One of the great things about digital TV and a personal video recorder (PVR) is the ease with which you as a viewer can wholly control what you watch.
With the exception of the news, I rarely watch TV as it’s broadcast. Instead, I programme the PVR to record things that I might want to watch, and then watch it when I have time.
Of course, one thing I always do when watching a recorded programme is skip through the ads.
That behaviour is pretty consistent among everyone I know who uses a PVR.
It’s often got me thinking that sooner or later, we might see a big shift from paid advertising spots on TV to more product placement, so that advertisers can still expose passive viewers to brand messaging.
Not in the UK, though, according to the FT:
The UK is to ban product placement, a blow to the advertising industry and commercial broadcasters.

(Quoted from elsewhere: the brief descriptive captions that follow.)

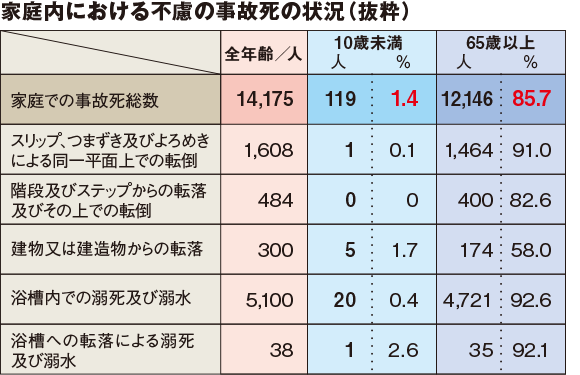 家庭内における不慮の事故死の状況（抜粋）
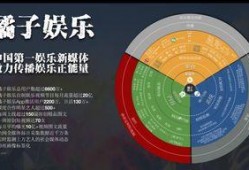 吃瓜娱乐号变现模式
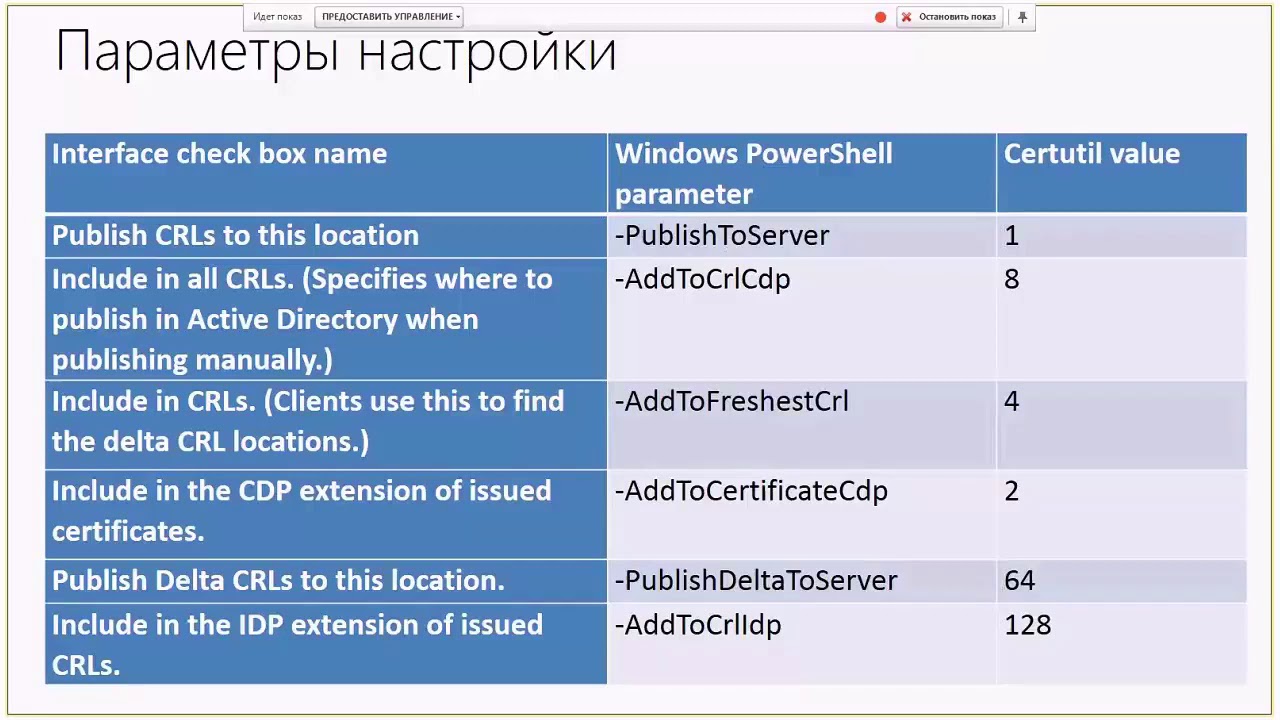 Установка корневого удостоверяющего центра RootCA, Леонид Шапиро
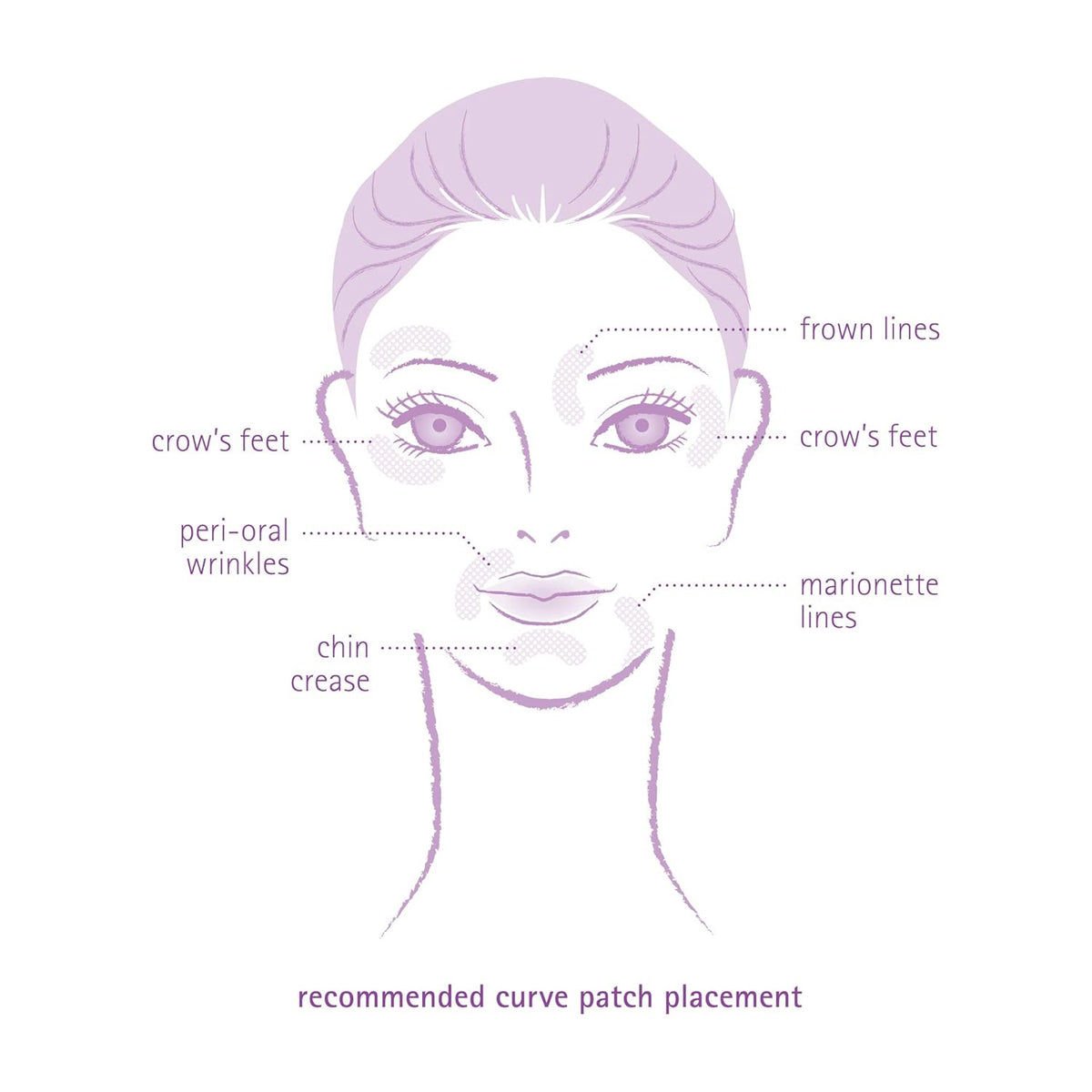 Toute Nuit Wrinkle Patches – Curve – Face Tape for Forehead, Eyes & Lips – Hypoallergenic Anti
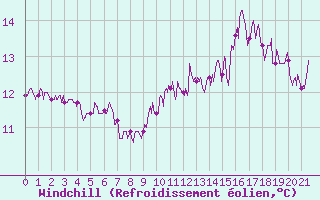 Courbe du refroidissement olien pour Blesmes (02)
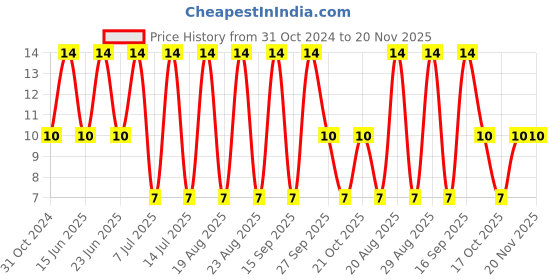 robu.in 0287020.PXCN-LITTELFUSE-0287020.PXCN-Fuse, Automotive, Fast Acting, 20 A, 32 V, 19.1mm x 5mm x 19mm, ATOF Price History Graph from 31 Oct 2024 to 20 Nov 2025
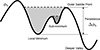 Thumbnail: Fig. 2. Refer to the following caption and surrounding text.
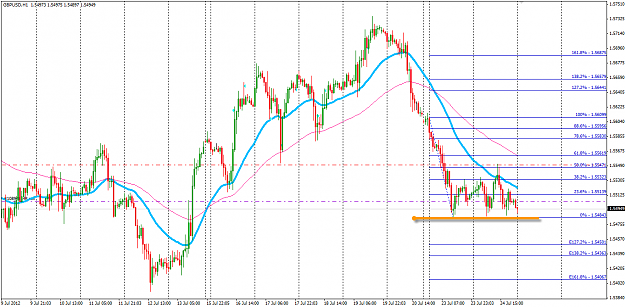 Click to Enlarge

Name: GBPUSD H1 25 Jul 25-7-2012 8-22-55 AM.png
Size: 44 KB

Andy Burnham, culture secretary, said the government had an economic interest in protecting standards in UK broadcasting because they were “part of Britain’s brand when it comes to world markets”.
“Here and now, I do want to signal that I think there are some lines that we should not cross – one of which is that you can buy the space between the programmes on commercial channels, but not the space within them,” Mr Burnham told a media seminar in London.
No worries, you might think, there’s always the internet. But they’ve got that covered, too:
[…] And in comments that may alarm the digital media industry, he suggested that the government should have a role in ensuring the same standards were met on the internet as on television and radio.
“If a clip on YouTube gets a million hits, it is akin to broadcasting and it doesn’t seem to me to be too difficult to have an alert on that clip, an alert for violence or for sex,” Mr Burnham said.
I would have thought that trying to control or restrict what people want to do with content they choose to watch – where that content transcends geographical boundaries, and where you have so many other choices – is a venture doomed to eventual failure.
In any event, at a time when overall TV audience numbers are falling, advertisers ought to be more concerned about how to engage with people more effectively rather than worry about ‘analogue world’ restrictions.